» Problem description
Exactly the lines from the one containing "Fiat 500 1.2" through the one containing "del siglo XXI?" in the listing below are to be copied, with the pictures left out.

» Excerpted data
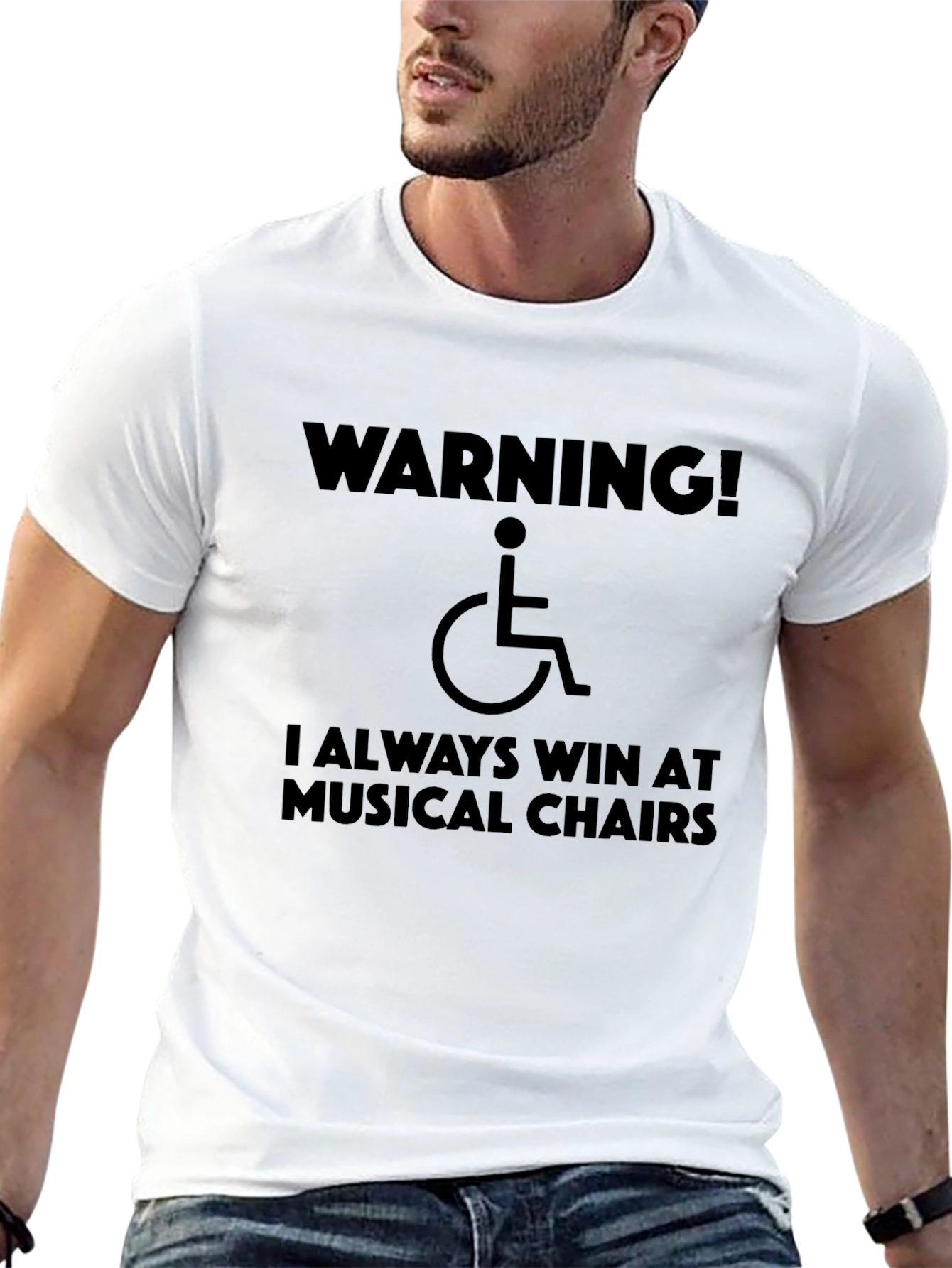 Warning! I Always Win at Musical Chairs T-Shirt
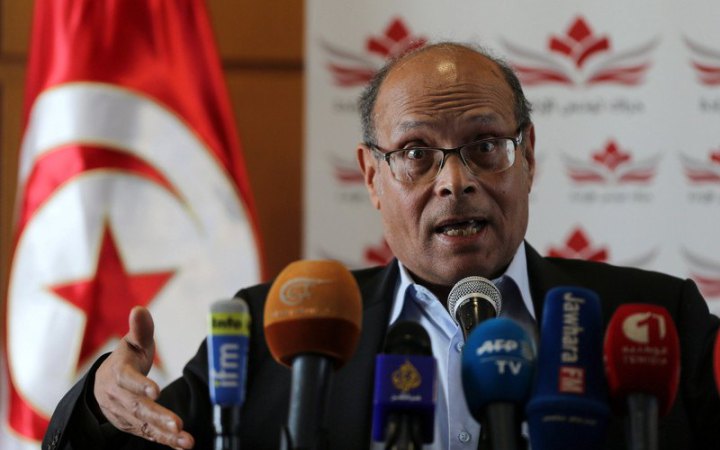 ​Туніс заочно засудив експрезидента Марзукі до 22 років позбавлення волі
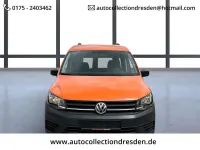 Gebraucht VW Caddy 102 PS (75 kW) 2020 Orange Van / Kleinbus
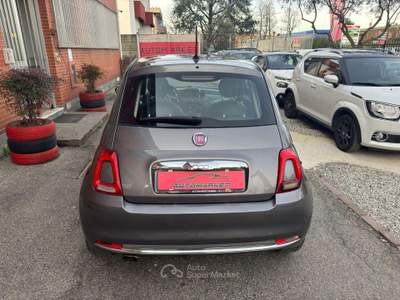 Fiat 500 1.2 Lounge 69cv Grigio usata Cernusco sul Naviglio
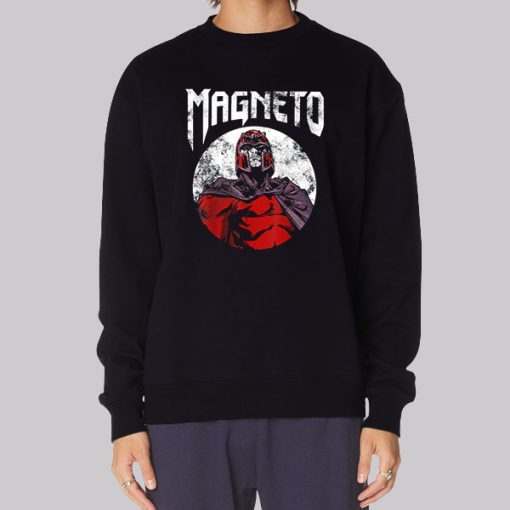 Retro Vintage X Men Magneto Hoodie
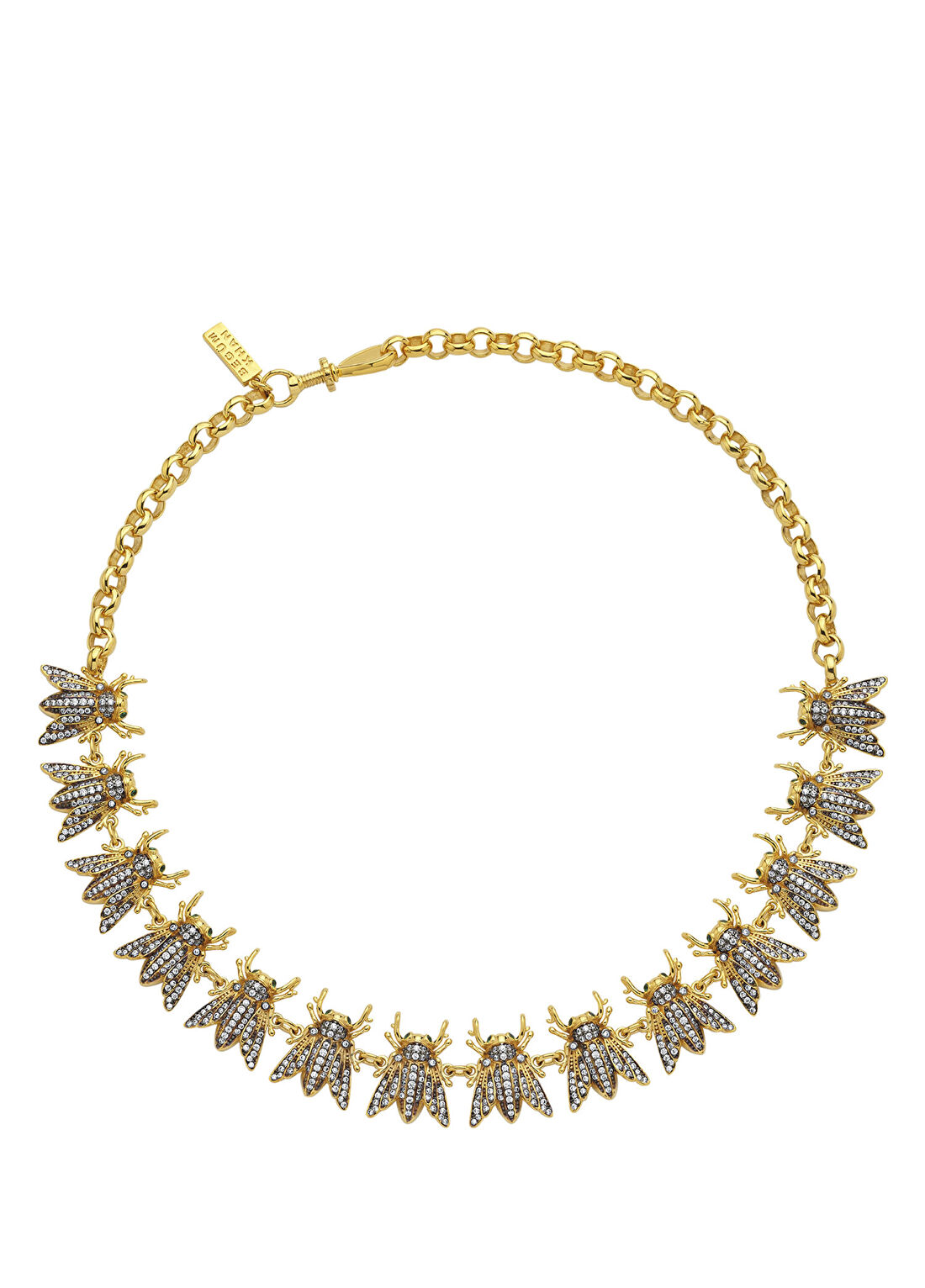 Begum Khan Baby Bee Kadın Altın Kaplama Choker Kolye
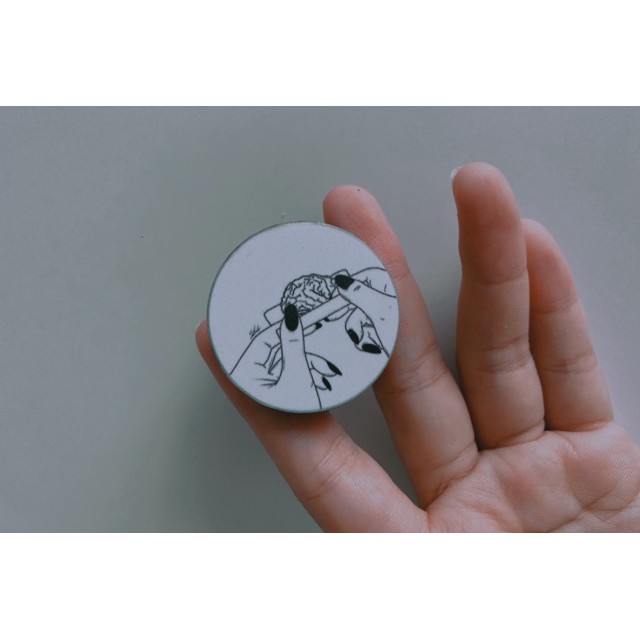 HH Giá đỡ điện thoại Popsocket Sarcasm nguyên tố hoá học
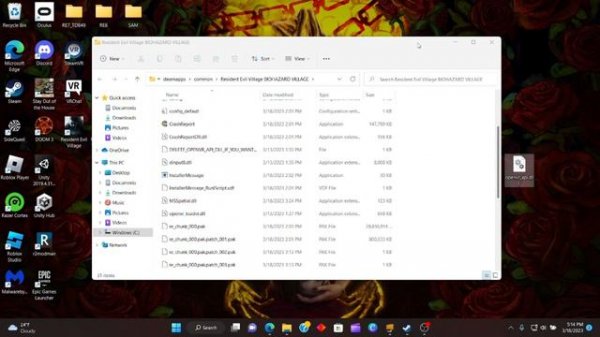 How to install praydogs RESIDENT EVIL 8 vr mod with motion controls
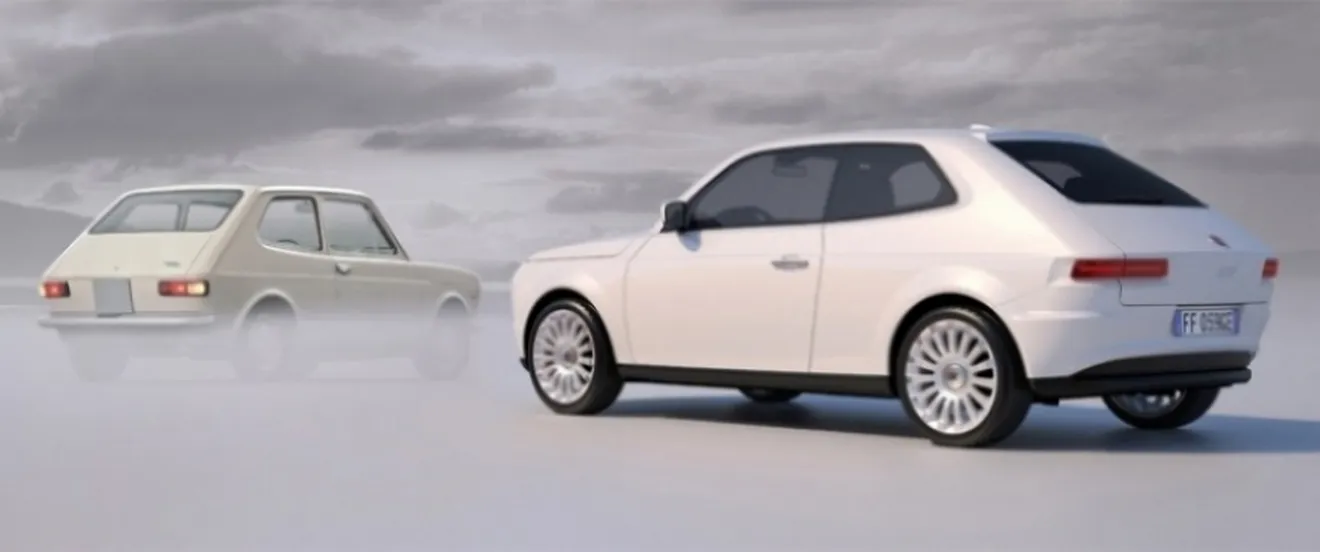 ¿Cómo sería el Fiat 127 del siglo XXI?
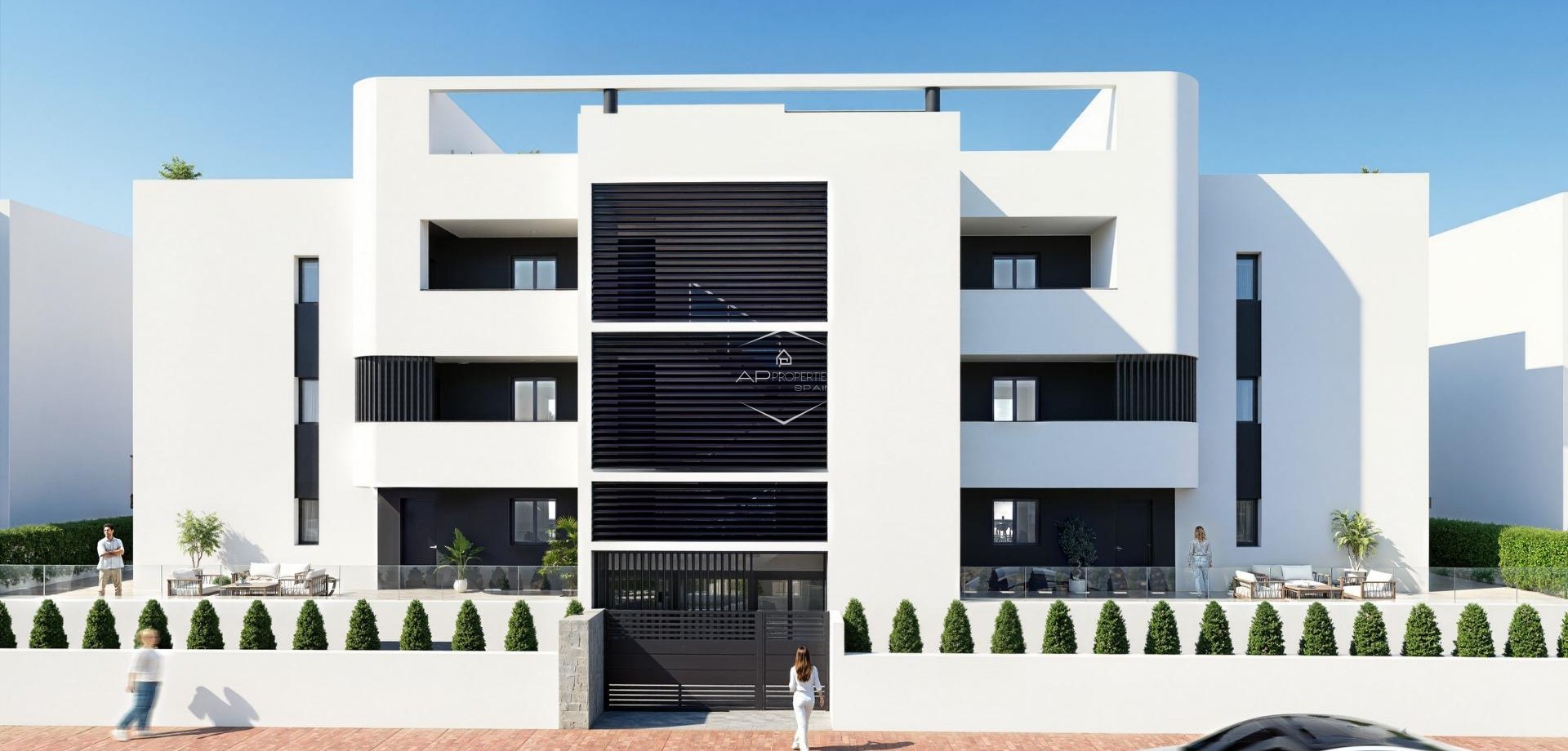 Nieuwbouw Woningen - Appartement- flat -
Los Alcázares - Serena Golf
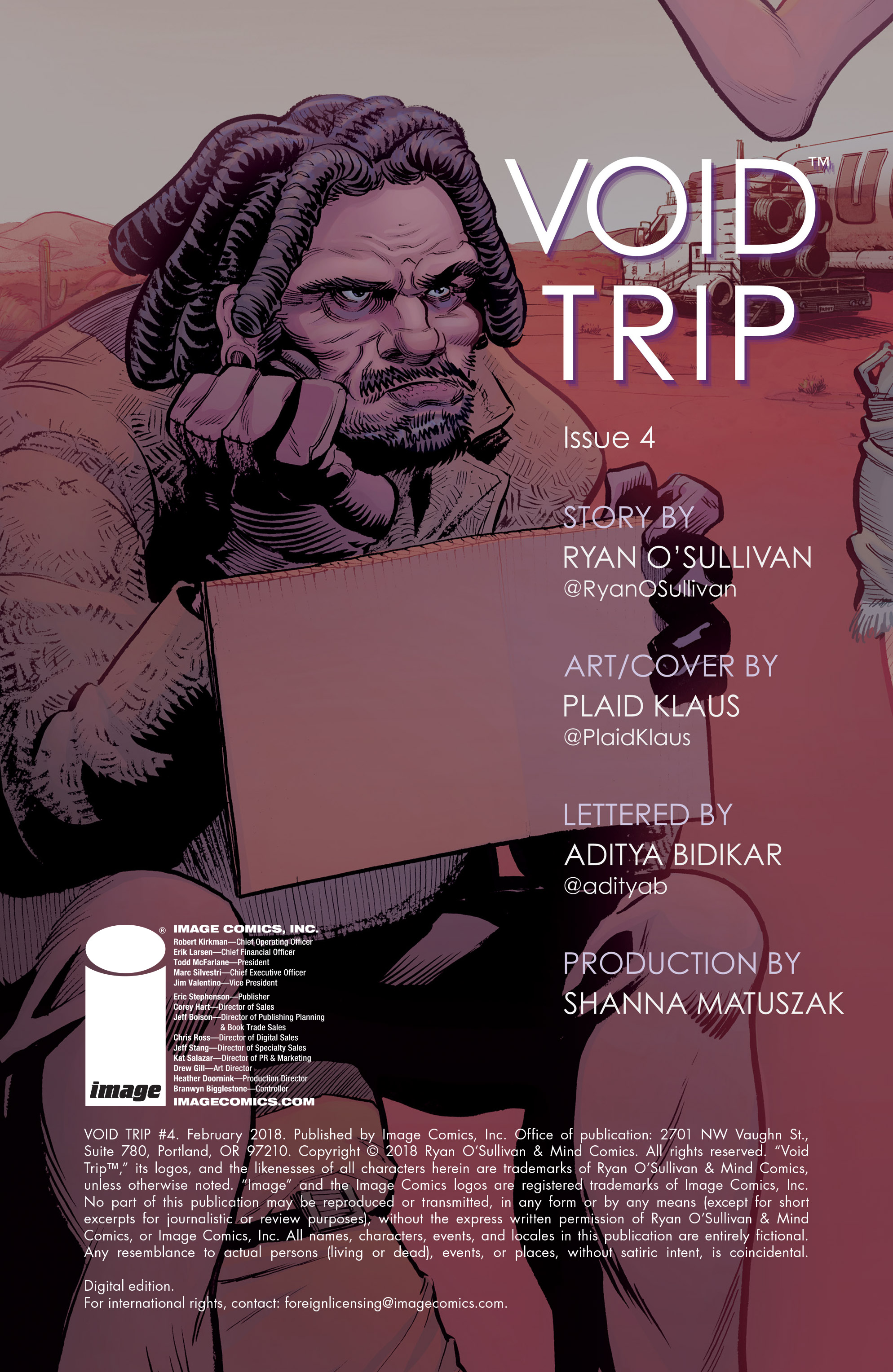 Void Trip (2017): Chapter 4 - Page 2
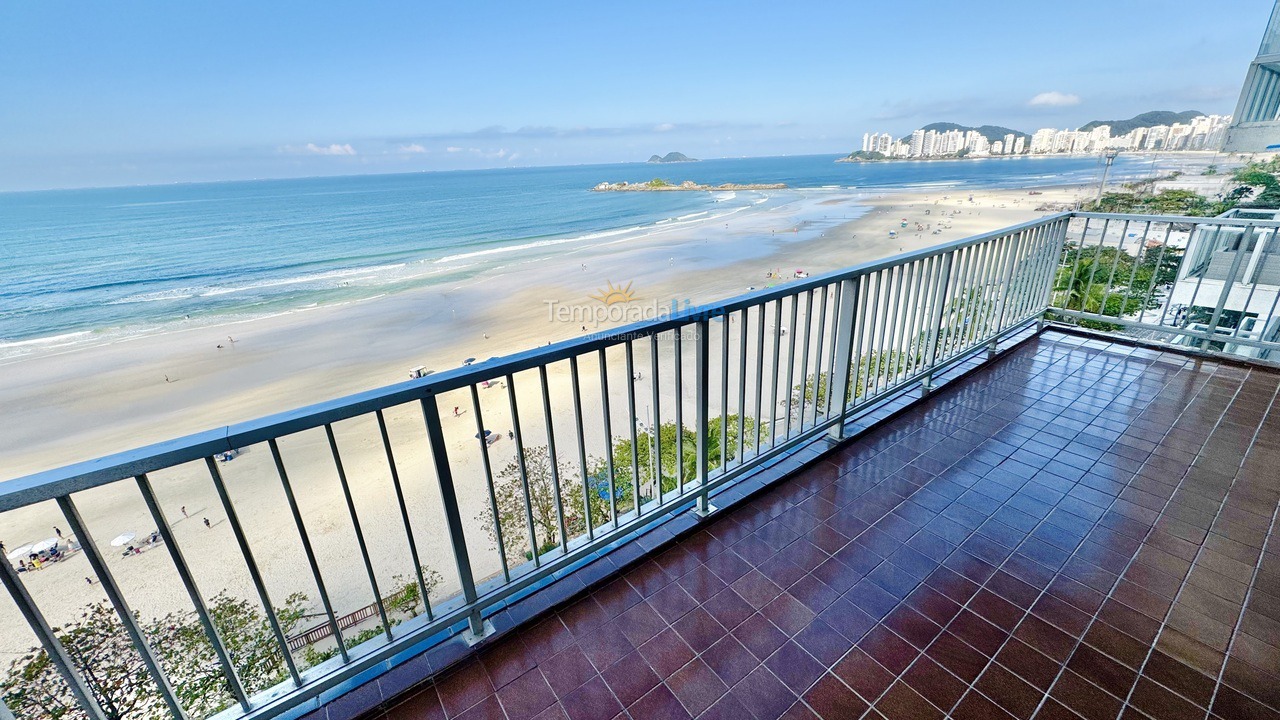 Apartamento para alquiler de vacaciones em Guarujá (Pitangueiras)
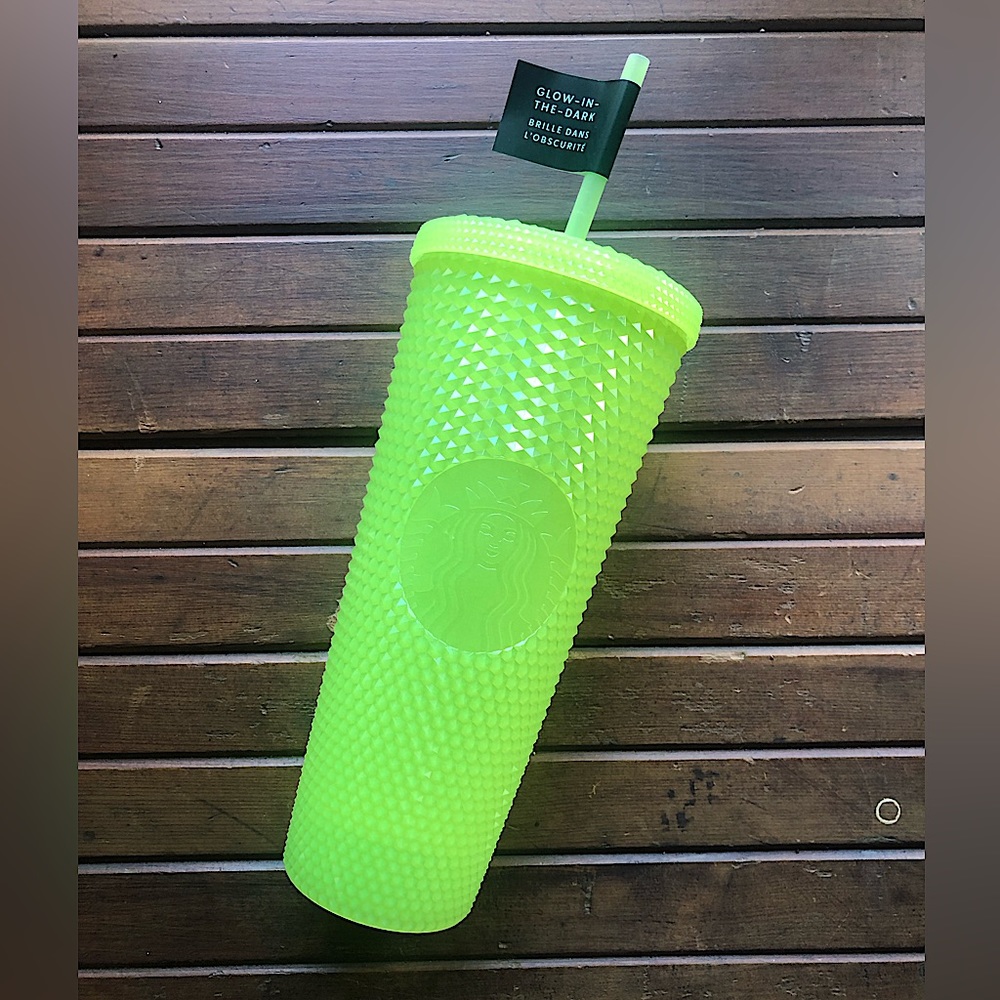 Starbucks Glow In The Dark Tumbler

» Answer box
 Fiat 500 1.2 Lounge 69cv Grigio usata Cernusco sul Naviglio
 Retro Vintage X Men Magneto Hoodie
 Begum Khan Baby Bee Kadın Altın Kaplama Choker Kolye
 HH Giá đỡ điện thoại Popsocket Sarcasm nguyên tố hoá học
 How to install praydogs RESIDENT EVIL 8 vr mod with motion controls
 ¿Cómo sería el Fiat 127 del siglo XXI?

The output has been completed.